Imagine doing something wonderful, like inventing something special, or saving a person’s life, or winning an important contest. How would you feel?
It depends, doesn’t it? If your invention was lauded throughout the world, or if the person whose life you saved wept with gratitude, or if your audience gave you thunderous applause for your contest win, you would probably feel pleased. If they sneered at your invention, if the person whose life you saved walked away without a word of thanks, if everyone at the contest groaned, then you would feel pretty ordinary.
It’s not our achievements which give us pleasure, it’s being valued for them.
It’s the same with acts of kindness. The happiness gurus tell us that being kind can make us happier, yet how you would feel if the recipient of your kind act sneered at you instead of thanked you?
You might well feel lousy. Again, it’s not our acts of kindness which give us pleasure, it’s being valued for them. (Even when the recipient isn’t there to appreciate what we have done, we can imagine the person’s pleasure. That can be enough.)
Employees considerably value their employer’s recognition and praise.
Why do so many of us fear public speaking? After all, crowded footpaths indicate that we don’t fear the public, and we certainly don’t fear speaking.
At Speakers’ Corner I can have trouble getting a grasshopper (a listener) to shut up, but when I invite them to replace me on my platform they seize up and decline. Why is this?
There was a time when being abandoned by the tribe meant death. In some nomadic tribes the elderly members slowing the tribe were left behind to starve to death or be eaten by predators. Or, they were ‘mercifully’ clubbed to death on the spot.
No one wants to die. Those elders might have accepted their fate, having no choice in the matter, but would have dreaded the day as it approached. To prevent that day from coming they would have done their best to not be a burden.
Now imagine, dear reader, that you are a member of a tribe during a famine. You leave the tribe for a day and upon your return find the tribe gone. They have abandoned you. They now have one less mouth to feed. How would you feel? As you stand there shaking you might wonder: did they reject you because you were not pulling your weight? Or because they didn’t like you enough to share scarce food with you? Whatever the case, you would feel awful. Especially knowing that as a result of their rejection you will probably die.

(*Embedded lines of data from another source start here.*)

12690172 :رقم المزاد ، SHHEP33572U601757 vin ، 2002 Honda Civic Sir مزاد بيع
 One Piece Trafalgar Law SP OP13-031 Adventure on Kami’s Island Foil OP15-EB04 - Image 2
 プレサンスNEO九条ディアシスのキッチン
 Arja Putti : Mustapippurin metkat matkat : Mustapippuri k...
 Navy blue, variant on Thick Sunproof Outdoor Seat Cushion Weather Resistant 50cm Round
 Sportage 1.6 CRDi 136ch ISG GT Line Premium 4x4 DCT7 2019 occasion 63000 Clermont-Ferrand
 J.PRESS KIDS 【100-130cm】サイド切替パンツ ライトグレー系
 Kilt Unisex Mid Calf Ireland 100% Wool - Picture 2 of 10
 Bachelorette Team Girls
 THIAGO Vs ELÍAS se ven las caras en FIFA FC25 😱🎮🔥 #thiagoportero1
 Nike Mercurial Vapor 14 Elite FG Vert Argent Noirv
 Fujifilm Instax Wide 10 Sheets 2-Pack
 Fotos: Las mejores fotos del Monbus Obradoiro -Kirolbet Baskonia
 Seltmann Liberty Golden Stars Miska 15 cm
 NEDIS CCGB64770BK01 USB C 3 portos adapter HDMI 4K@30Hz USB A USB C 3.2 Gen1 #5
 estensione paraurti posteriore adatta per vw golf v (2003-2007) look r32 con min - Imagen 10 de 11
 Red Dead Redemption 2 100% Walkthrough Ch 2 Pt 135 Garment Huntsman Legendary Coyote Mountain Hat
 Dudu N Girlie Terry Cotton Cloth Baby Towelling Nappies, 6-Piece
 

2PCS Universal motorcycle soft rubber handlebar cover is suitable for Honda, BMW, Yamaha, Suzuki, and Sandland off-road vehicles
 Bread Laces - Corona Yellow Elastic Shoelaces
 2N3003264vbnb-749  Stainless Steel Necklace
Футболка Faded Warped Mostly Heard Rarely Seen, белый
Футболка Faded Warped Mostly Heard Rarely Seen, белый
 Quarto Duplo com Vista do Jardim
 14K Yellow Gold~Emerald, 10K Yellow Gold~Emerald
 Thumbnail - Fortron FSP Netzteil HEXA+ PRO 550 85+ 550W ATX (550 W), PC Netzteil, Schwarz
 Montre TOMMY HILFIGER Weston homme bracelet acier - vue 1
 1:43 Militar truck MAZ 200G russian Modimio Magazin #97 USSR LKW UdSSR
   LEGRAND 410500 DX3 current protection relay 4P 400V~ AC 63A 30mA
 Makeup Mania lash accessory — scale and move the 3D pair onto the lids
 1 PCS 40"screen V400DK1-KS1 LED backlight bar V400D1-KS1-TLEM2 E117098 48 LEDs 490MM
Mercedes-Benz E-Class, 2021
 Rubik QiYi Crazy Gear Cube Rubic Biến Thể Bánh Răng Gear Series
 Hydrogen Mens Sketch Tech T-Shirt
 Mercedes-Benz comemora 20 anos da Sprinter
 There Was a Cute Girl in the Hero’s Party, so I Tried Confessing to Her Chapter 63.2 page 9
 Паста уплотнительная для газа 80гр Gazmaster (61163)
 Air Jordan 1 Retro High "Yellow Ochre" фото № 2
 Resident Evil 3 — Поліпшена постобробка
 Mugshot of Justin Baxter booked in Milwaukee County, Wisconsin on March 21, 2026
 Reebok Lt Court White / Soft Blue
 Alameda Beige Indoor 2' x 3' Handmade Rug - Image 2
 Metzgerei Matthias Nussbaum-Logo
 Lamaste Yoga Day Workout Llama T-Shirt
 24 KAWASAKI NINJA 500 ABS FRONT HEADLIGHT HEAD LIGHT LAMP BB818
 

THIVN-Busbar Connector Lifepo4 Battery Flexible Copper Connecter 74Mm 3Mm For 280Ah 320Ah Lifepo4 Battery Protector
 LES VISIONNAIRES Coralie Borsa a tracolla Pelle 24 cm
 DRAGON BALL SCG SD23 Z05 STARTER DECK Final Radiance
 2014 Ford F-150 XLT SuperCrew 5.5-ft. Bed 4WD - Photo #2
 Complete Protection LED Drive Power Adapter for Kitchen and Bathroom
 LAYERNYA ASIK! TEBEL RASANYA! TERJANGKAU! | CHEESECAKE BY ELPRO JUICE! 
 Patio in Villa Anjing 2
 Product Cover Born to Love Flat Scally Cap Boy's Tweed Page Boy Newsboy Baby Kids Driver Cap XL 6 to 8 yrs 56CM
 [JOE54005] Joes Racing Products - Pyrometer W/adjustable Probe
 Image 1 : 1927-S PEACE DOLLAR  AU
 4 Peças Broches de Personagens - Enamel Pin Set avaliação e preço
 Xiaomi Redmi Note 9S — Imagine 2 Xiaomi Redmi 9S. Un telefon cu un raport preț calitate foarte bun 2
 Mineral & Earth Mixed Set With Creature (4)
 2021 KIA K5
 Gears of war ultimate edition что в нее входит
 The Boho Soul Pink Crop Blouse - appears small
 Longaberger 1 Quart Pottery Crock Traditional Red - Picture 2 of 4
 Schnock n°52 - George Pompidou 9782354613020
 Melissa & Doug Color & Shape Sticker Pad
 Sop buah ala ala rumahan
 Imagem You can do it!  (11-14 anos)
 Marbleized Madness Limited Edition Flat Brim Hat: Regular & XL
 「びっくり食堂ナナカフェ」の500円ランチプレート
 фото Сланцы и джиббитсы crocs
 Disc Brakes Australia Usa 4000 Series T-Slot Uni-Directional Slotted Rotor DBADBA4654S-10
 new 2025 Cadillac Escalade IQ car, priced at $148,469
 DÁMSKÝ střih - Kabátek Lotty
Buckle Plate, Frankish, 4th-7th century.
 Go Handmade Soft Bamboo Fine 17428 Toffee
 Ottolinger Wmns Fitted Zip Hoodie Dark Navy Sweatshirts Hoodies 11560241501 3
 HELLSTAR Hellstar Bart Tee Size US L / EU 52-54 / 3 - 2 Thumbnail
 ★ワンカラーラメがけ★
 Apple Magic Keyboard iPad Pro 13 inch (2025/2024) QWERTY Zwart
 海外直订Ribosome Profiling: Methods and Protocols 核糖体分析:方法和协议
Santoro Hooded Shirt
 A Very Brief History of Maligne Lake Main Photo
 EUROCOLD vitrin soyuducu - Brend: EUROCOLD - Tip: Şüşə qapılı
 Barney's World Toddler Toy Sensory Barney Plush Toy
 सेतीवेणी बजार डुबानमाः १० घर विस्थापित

Or, how you would feel if you were a hunter, and after days of unsuccessful hunting you yet again entered the camp with empty arms? Can you picture the tribe turning their eyes to you in hope, and see their look of hope turn to disappointment, and then to despair, when they find you have let them down?
In a tribe, the pressure to pull one’s weight (to contribute) and be appreciated (valued) for that contribution would be enormous. Particularly in hard times. Being valued by the tribe could mean the difference between life and death.
When the tribe turns its eyes to you it means there are expectations of you; expectations you may not be able to meet. Anxiety results: of letting the others down, of being a burden, of being rejected.
As we evolved over countless generations, that anxiety became innate. It’s no wonder many of us fear public speaking: the sight of the tribe’s eyes upon us stirs up primitive fears, primitive responsibilities.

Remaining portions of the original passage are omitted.